BEGIN The data

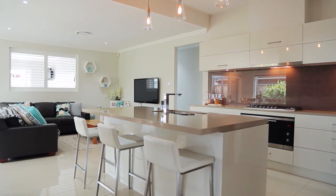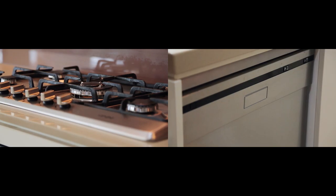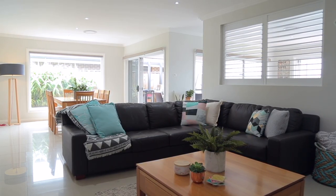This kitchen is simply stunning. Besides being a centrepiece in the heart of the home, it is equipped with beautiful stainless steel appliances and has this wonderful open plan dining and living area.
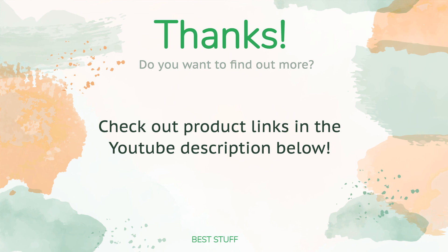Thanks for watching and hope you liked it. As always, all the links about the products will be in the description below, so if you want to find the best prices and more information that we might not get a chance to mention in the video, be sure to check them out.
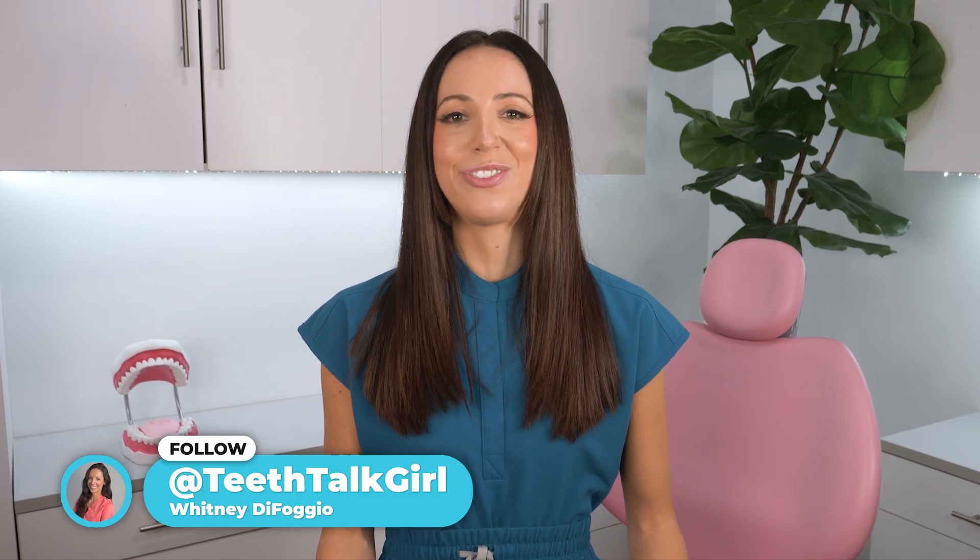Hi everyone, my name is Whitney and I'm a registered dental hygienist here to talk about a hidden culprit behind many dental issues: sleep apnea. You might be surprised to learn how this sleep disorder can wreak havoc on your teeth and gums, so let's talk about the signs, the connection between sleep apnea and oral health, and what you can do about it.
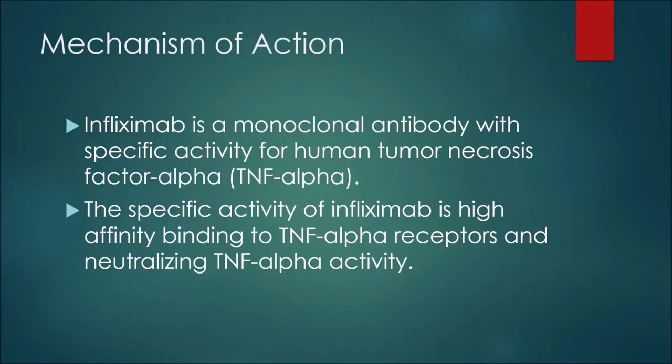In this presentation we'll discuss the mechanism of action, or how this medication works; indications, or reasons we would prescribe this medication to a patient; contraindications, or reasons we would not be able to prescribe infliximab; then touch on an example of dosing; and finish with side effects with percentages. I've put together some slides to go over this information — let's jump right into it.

END The data

● Instructions for the task: I would like the data copied exactly as it stands, with no pictures included.

● Result of this exercise:
This kitchen is simply stunning. Besides being a centrepiece in the heart of the home, it is equipped with beautiful stainless steel appliances and has this wonderful open plan dining and living area.
Thanks for watching and hope you liked it. As always, all the links about the products will be in the description below, so if you want to find the best prices and more information that we might not get a chance to mention in the video, be sure to check them out.
Hi everyone, my name is Whitney and I'm a registered dental hygienist here to talk about a hidden culprit behind many dental issues: sleep apnea. You might be surprised to learn how this sleep disorder can wreak havoc on your teeth and gums, so let's talk about the signs, the connection between sleep apnea and oral health, and what you can do about it.
In this presentation we'll discuss the mechanism of action, or how this medication works; indications, or reasons we would prescribe this medication to a patient; contraindications, or reasons we would not be able to prescribe infliximab; then touch on an example of dosing; and finish with side effects with percentages. I've put together some slides to go over this information — let's jump right into it.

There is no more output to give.